[PROVIDED DATA]
+ + + +

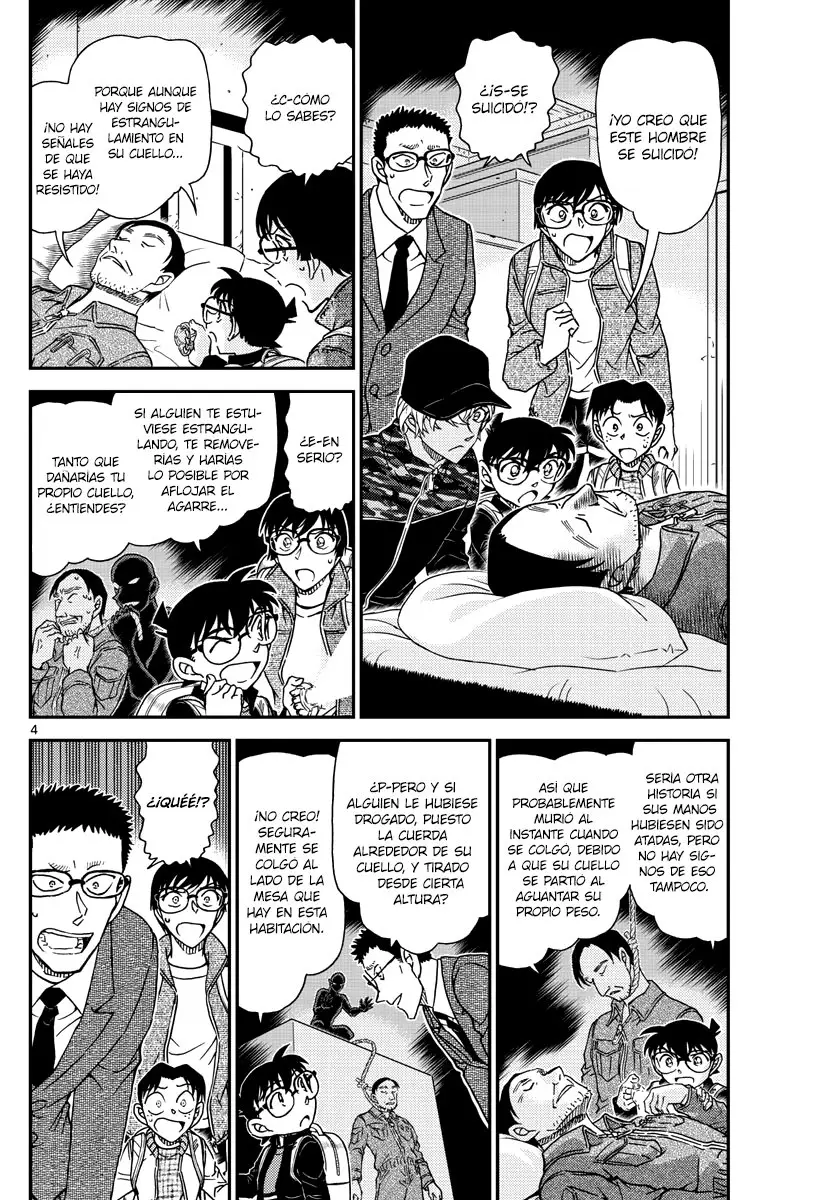 Detective Conan capítulo 1052 página 5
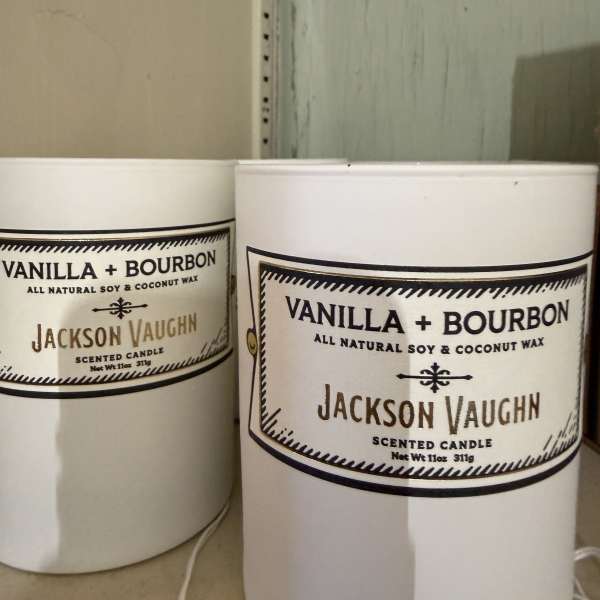 Jackson Vaughn White Label 11oz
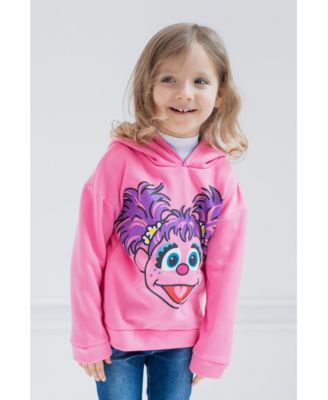 Baby Girls Fleece Pullover Hoodie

+ + + +

[PROBLEM TO SOLVE] Send back the listing exactly as it stands. Do not include the pictures.

[SOLUTION TO THE EXERCISE]
 Detective Conan capítulo 1052 página 5
 Jackson Vaughn White Label 11oz
 Baby Girls Fleece Pullover Hoodie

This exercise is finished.